▶ _Dataset section_

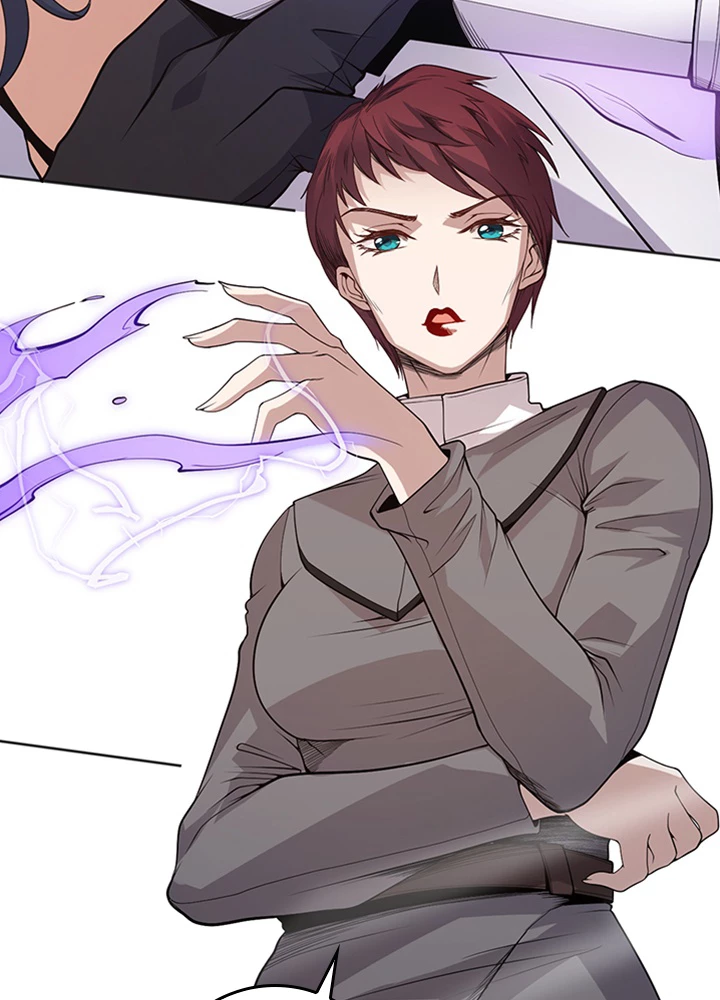 ロベル〜ウォースピリットの継承者〜 194話 - 14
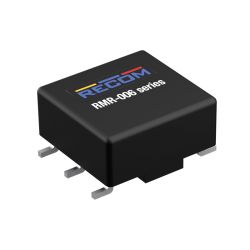 RECOM RMR-006-AD5S-CT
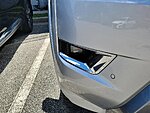 Used 2023 NISSAN ARMADA SL in JACKSONVILLE, FLORIDA (Photo 7)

▶ _Assignment_
Set down the data above word for word, leaving every picture out.

▶ _Answer space_
 ロベル〜ウォースピリットの継承者〜 194話 - 14
 RECOM RMR-006-AD5S-CT
 Used 2023 NISSAN ARMADA SL in JACKSONVILLE, FLORIDA (Photo 7)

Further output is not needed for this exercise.